No Brasil, o culto à desilusão e ao fracasso está chegando a extremos. Quer dizer, esse Brasil que é descrito pela imprensa. Em vez de fatos concretos, notícias de acontecimentos reais e uma relação direta com o mundo, o leitor brasileiro tem páginas e páginas de especulação política, fofocas e conchavos e, ocasionalmente, algumas denúncias.
O que deveria ser política é politicagem. Às vezes um único jornal estampa várias fotos do mesmo ministro em três, quatro páginas diferentes (as fotos estão ficando cada vez maiores). E a notícia por trás delas? Nenhuma.
Tudo especulação, fofoca. Geralmente é que deputado tal e tal fez um acordo com o partido tal e tal, ou o ministro tal e tal está de mãozinhas dadas com o governador tal e tal. É uma loucura vazia diária. Ou o presidente está de mal com esse ou aquele, mas foi visto ontem falando horas num tom risonho com um ex-inimigo.
O resto do jornal é feito de opiniões, pontificações, daquelas dezenas de pessoas que têm a razão na mão, representantes da moral e do purismo, cada um em seu canto neste país com a fórmula do sucesso que parece não acontecer.
Ah, sim, tem as colunas nos cadernos culturais, que é onde o culto à desilusão tem encontrado o seu berço esplêndido e as justificativas, as provas filosóficas do eterno fracasso político, social e cultural.
O colunismo da desilusão... Essa ridícula glorificação do passado, de uma "época que não volta mais", nada mais é do que uma xenofobia mal resolvida e uma terrível sensação de fracasso pessoal. Mas o leitor certamente é embalado por esse tom demagógico e saudosista. E o resultado desse acúmulo de desilusões -Deus me livre!- pode levar toda uma população a sentar no meio-fio e chorar, chorar por tudo o que eles não são e nunca chegaram a ser. Ora, gente! Olha o foco!
Mas tanto saudosismo pode dar naquilo que, em linguagem militar, chama-se de "campanha de humilhação do inimigo". Ou seja, tanto fracasso acumulado e constatado pode dar numa inveja venenosa, e não há alvo mais eficaz do que a generalização.
Ah, nada conquista mais corações do que a criação de um inimigo que possa ser comum a todos, de preferência um que esteja fazendo sucesso. Se o jargão puder usar os termos "imperialismo" ou "colonialismo" então, a campanha já estará quase perfeita e será, instantaneamente, endossada pela imensa legião de frustrados e reclamadores do nada. Ora, vão à merda!

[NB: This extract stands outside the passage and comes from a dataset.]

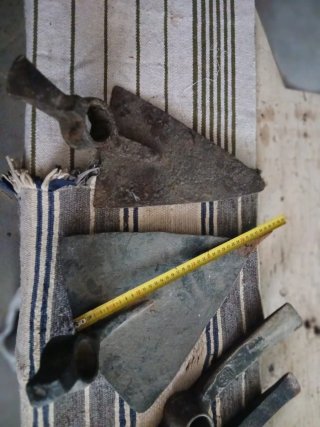 Picos y azadas ( cabezas )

O último acinte que li chamava todo o cinema americano de "escroto". Isto é, todo o cinema americano. Steven Spielberg, Woody Allen, Tarantino ou Spike Lee, todos na mesma lata? Todos eles eram o "cinema escroto americano".
O terrível dano que o colunista da desilusão pode causar é o de conseguir justificar como conchavo, politicagem, tramóia e concubinagem com o poder tudo aquilo que deu certo no mundo.
O cinema americano é escroto porque (1) tem dinheiro, (2) é dominado por judeus, (3) usa a máquina política poderosa para "se impor" nos outros países, (4) a máquina política é que usa o cinema para exportar sua imagem de poder.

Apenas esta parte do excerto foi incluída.